Noosphere89 comments on quila’s Shortform

Noosphere89 10 Jan 2025 21:34 UTC
2 points
0

i’m not sure what this means. my values basically refer to other beings having not-tormentful (and next in order of priority, happy/good) existences. (tried to formalize this more but it’s hard)

That would immediately exclude quite a bit of people, from both the far left and far right, because I predict a lot of people definitely want at least some people to have tormentful lives.

in particular, i’m not sure if you’re saying something which would seem trivially true to me or not. (example trivially true thing: someone who wants to tile literally the entire lightcone with happy humans not being able to do that is losing out under ‘cosmopolitan’ values relative to if their values controlled the entire lightcone. example trivially true thing 2: “the best possible world is relative to a given value set”)

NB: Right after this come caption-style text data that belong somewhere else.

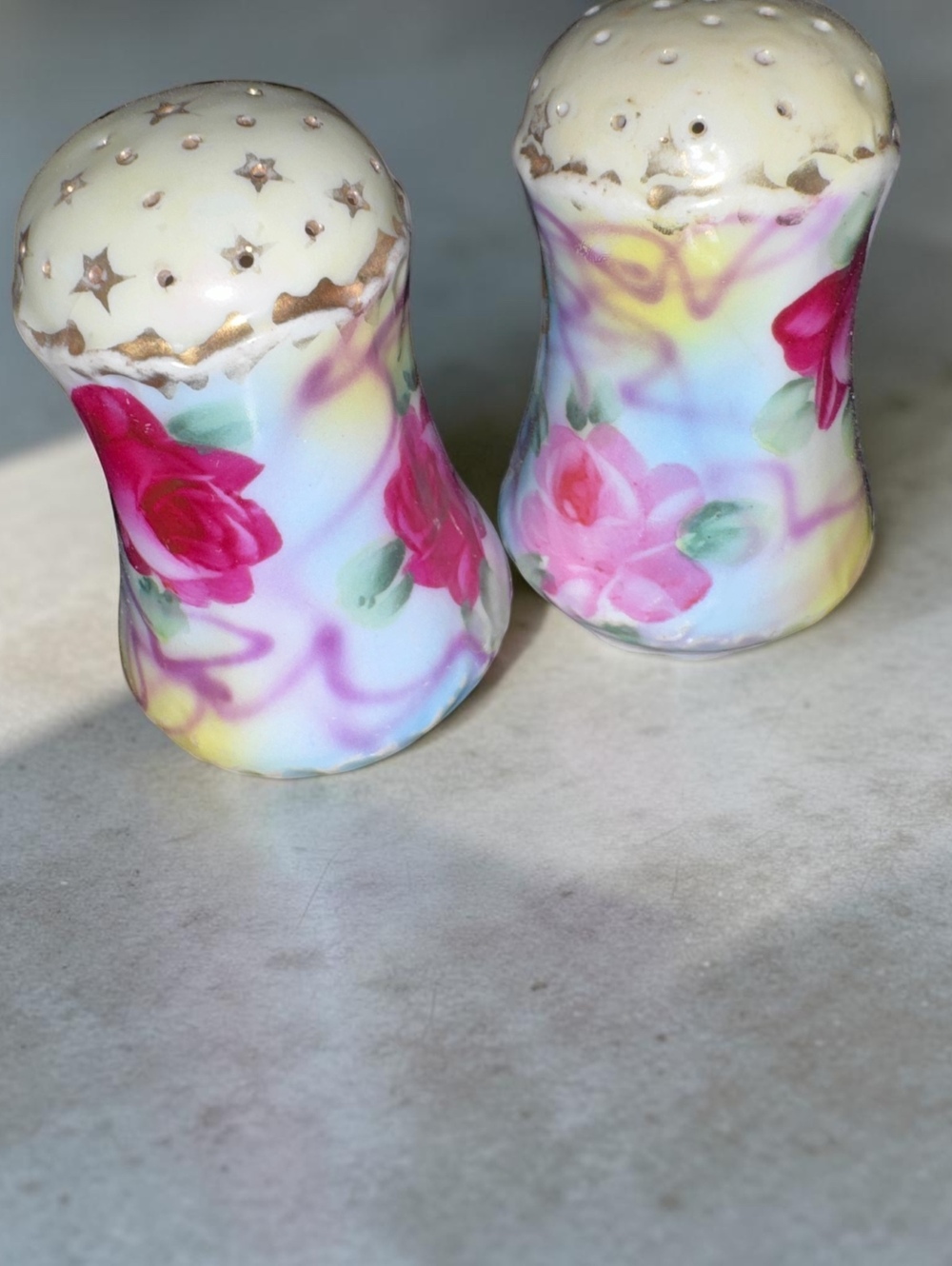 Vintage Porcelain Salt Pepper Shakers Hand Painted Roses Gold Gilt Cork Pair - Picture 7 of 8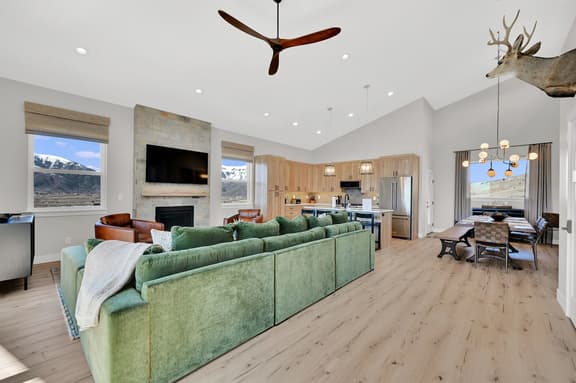 Luxury Eden Retreat: Hot Tub & Mountain Views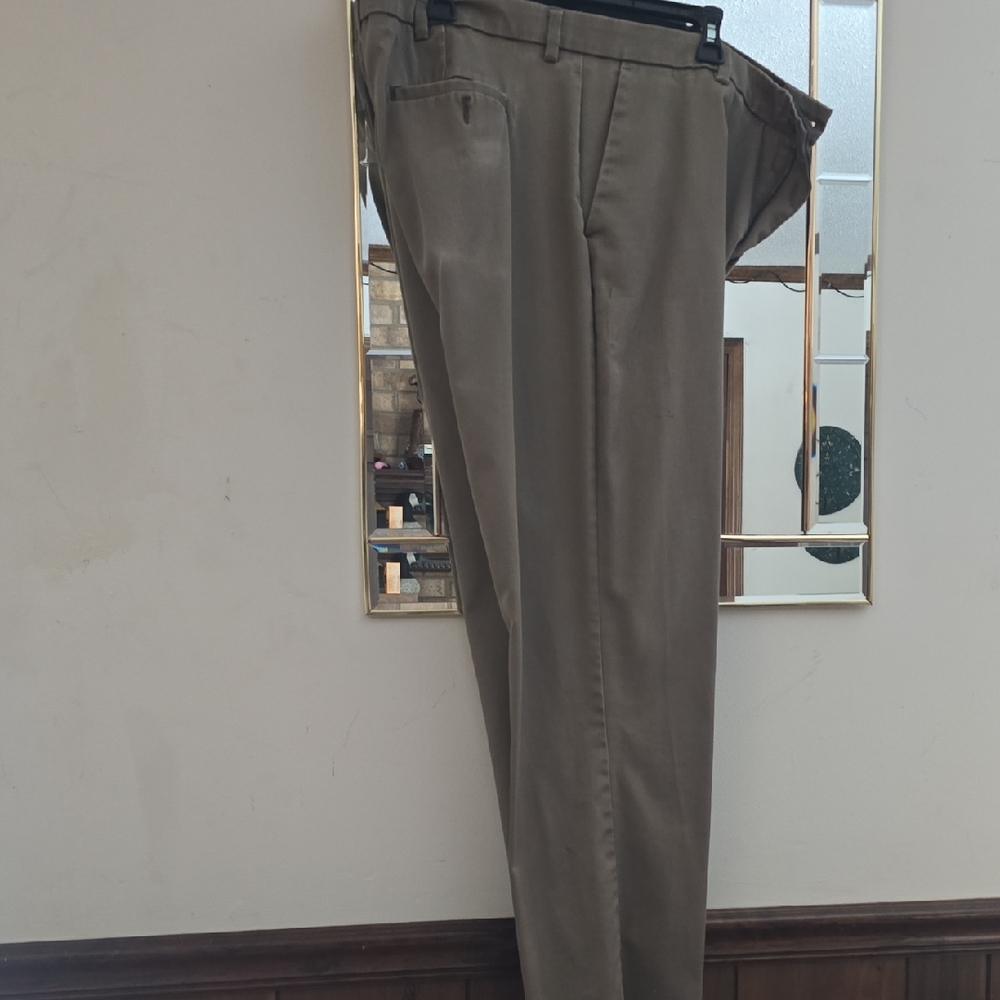 Roundtree & Yorke Men's Brown Dress Pants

I was trying to say something trivially true in your ontology, but far too many people tend to deny that you do in fact have to make other values lose out, and people usually think the best possible world is absolute, not relative, and in particular I think a lot of people use the idea of value-aligned superintelligence as though it was a magic wand that could solve all conflict.
- quila 12 Jan 2025 1:27 UTC
  1 point
  0
  Parent
  far too many people tend to deny that you do in fact have to make other values lose out
  i don’t know where that might be true, but at least on lesswrong i imagine it’s an uncommon belief. a core premise of alignment being important is value orthogonality implying that an unaligned agent with max-level-intelligence would compete for the same resources whose configurations it values (the universe). most of the reason for collaborating on alignment despite orthogonality is that our values tend to overlap to a large degree, e.g. most people (and maybe especially most alignment researchers?) think hells are bad.
  also on the “lose out” phrasing: even if someone “wants at least some people to have tormentful lives”, they don’t “lose out” overall if they also positively value other things / still negatively value any of the vast majority of beings having tormentful lives.
  - Noosphere89 12 Jan 2025 2:10 UTC
    4 points
    0
    Parent
    I think a crux I have with the entire alignment community may ultimately come down to me not believing that human values overlap strongly enough to make alignment the most positive thing, compared to other AI safety things.
    
    In particular, I’d expect a surprising amount of disagreement on whether making a hell is good, if you managed to sell it as eternally punishing a favored enemy.
    
    most of the reason for collaborating on alignment despite orthogonality is that our values tend to overlap to a large degree, e.g. most people (and maybe especially most alignment researchers?) think hells are bad.
    
    I agree LWers tend to at least admit that severe enough value conflicts can exist, though I think that people like Eliezer don’t realize that human values conflicts sort of break collective CEV type solutions, and a lot of collective alignment solutions tend to assume that either someone puts their thumb on the scale and exclude certain values, or assume that human values are so similar and their idealizations are so similar that no conflicts are expected, which I personally don’t think is true.
    
    i don’t know where that might be true, but at least on lesswrong i imagine it’s an uncommon belief. a core premise of alignment being important is value orthogonality implying that an unaligned agent with max-level-intelligence would compete for the same resources whose configurations it values (the universe).
    
    also on the “lose out” phrasing: even if someone “wants at least some people to have tormentful lives”, they don’t “lose out” overall if they also positively value other things / still negatively value any of the vast majority of beings having tormentful lives.
    
    Agree with this, which handles some cases, but my worry is that there are still likely to be big values conflicts where one value set must ultimately win out over another.